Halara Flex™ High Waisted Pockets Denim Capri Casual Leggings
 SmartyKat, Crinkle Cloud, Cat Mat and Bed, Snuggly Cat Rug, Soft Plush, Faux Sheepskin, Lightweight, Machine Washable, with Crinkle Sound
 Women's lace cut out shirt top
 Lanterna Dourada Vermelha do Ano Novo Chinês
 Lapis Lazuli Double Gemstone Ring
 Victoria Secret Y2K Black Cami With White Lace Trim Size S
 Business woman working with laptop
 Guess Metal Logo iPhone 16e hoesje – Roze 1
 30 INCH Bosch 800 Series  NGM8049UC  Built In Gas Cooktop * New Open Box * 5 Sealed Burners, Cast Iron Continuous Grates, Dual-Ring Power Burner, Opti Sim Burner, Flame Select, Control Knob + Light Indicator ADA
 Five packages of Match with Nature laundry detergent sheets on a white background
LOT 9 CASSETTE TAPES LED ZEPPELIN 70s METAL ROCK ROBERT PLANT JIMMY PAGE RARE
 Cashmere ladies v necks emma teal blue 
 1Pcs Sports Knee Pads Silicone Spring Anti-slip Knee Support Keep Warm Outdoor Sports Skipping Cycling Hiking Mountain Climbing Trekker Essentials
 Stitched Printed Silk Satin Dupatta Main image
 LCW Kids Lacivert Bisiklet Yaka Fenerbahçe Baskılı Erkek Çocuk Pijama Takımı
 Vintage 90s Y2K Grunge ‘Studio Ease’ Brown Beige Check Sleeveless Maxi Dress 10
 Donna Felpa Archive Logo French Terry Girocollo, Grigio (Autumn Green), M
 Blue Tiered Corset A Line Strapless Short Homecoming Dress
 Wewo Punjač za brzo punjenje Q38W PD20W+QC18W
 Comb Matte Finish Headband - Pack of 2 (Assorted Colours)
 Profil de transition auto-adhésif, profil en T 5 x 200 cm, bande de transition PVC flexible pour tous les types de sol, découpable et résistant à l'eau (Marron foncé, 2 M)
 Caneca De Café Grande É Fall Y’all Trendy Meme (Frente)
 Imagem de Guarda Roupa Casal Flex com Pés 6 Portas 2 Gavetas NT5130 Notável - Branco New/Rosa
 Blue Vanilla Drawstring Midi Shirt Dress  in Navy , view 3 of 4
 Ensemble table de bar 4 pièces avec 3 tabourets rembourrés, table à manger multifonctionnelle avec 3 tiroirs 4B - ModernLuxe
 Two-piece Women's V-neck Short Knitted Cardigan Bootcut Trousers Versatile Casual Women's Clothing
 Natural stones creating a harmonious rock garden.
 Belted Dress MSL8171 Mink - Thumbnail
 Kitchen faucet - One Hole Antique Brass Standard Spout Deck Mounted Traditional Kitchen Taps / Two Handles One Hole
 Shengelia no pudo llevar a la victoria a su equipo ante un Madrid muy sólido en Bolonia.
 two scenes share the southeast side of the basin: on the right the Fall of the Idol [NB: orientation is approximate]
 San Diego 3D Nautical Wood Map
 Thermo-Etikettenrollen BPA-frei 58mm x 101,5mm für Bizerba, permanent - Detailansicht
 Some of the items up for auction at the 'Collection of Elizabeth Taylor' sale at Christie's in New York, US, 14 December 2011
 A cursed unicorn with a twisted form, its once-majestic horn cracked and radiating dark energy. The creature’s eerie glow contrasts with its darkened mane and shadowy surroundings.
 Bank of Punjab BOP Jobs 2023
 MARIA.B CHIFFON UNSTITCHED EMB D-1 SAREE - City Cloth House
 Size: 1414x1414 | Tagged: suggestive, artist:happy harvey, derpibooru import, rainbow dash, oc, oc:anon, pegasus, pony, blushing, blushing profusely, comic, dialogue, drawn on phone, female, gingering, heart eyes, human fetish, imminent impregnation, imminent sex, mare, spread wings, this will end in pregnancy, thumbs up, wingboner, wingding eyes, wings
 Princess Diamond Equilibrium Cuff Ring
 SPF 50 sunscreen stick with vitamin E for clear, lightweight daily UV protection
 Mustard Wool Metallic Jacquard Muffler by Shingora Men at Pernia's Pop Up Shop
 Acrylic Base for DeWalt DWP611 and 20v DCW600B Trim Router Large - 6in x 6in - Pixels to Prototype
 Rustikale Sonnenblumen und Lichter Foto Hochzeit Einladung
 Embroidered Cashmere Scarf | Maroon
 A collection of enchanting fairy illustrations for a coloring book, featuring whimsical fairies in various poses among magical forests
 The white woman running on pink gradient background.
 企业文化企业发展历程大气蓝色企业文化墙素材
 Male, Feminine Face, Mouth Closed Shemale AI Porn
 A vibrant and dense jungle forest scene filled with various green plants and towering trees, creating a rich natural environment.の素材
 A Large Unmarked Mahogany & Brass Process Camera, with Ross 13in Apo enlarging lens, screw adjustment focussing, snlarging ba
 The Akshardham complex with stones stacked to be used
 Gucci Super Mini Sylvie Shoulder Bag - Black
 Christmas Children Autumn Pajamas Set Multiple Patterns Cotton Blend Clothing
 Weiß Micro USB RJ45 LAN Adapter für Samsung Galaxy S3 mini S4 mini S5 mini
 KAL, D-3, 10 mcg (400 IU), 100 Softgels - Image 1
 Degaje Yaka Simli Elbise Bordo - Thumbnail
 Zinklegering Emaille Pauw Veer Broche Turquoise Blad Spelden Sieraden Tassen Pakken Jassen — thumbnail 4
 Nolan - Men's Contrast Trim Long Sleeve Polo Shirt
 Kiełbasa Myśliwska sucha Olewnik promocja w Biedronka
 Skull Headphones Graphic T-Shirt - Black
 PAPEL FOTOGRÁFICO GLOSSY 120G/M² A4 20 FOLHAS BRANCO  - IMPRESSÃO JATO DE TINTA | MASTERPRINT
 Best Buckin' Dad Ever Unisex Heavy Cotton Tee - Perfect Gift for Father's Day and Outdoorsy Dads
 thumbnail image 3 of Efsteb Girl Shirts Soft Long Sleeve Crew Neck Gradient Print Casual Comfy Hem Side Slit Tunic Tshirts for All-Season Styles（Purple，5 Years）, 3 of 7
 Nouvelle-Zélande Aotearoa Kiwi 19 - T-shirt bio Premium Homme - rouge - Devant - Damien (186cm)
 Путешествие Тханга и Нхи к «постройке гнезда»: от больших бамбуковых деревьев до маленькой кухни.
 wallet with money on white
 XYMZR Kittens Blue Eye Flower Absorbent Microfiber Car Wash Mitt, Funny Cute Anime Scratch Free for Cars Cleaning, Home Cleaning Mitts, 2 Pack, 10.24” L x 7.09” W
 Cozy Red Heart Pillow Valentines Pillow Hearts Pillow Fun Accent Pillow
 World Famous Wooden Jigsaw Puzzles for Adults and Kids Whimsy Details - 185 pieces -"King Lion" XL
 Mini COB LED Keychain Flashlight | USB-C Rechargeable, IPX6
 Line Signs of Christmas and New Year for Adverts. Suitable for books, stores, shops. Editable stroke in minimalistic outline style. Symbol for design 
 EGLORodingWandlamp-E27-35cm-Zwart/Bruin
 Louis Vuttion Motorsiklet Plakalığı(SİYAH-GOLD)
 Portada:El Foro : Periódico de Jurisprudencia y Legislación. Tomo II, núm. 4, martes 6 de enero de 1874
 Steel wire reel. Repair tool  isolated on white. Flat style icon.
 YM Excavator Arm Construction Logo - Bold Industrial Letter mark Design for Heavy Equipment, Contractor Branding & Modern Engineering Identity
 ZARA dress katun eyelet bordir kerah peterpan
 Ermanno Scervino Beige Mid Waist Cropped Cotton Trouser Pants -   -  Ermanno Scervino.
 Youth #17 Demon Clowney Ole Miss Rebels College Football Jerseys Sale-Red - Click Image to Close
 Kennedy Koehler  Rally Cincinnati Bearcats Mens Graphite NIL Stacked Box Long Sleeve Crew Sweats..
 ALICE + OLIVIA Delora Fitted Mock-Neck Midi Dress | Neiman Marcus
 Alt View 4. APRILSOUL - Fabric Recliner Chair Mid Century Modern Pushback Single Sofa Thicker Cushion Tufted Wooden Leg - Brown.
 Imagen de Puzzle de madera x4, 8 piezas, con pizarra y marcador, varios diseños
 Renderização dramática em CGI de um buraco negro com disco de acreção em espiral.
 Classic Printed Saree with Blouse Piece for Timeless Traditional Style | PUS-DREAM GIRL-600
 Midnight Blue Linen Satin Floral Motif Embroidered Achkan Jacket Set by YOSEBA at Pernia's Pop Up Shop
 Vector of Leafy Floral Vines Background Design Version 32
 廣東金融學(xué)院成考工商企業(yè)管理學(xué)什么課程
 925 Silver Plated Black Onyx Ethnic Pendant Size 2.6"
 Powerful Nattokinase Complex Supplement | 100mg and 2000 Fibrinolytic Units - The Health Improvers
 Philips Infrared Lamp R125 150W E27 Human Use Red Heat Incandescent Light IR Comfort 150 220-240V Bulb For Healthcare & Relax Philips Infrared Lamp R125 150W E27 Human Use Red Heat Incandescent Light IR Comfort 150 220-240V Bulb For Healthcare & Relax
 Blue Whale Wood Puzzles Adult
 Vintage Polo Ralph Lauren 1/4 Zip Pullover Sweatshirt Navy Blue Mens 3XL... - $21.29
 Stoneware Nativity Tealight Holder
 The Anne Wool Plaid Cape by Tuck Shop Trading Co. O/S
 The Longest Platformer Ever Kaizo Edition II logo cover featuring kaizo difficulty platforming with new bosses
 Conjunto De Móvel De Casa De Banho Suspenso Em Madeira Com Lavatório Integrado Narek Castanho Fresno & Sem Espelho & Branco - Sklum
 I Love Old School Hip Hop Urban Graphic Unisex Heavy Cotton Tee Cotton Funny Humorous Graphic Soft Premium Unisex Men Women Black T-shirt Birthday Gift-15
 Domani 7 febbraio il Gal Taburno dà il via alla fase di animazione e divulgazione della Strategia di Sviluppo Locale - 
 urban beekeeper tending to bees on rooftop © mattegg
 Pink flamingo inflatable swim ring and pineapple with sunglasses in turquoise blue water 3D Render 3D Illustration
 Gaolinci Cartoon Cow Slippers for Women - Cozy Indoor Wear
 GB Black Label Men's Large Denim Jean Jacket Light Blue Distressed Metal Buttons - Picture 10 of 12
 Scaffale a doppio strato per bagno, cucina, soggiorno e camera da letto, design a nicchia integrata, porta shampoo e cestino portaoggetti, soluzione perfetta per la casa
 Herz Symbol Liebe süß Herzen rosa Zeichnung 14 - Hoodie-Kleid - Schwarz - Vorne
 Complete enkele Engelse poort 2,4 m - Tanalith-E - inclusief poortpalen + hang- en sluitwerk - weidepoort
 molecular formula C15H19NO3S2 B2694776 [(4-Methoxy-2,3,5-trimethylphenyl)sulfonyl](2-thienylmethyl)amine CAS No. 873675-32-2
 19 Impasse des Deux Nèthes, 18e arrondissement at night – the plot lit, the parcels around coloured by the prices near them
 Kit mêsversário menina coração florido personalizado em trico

» Task statement:
Determine the number of lines in the data above that contain the word "Brass", and provide only that figure.

» Solution to the exercise:
2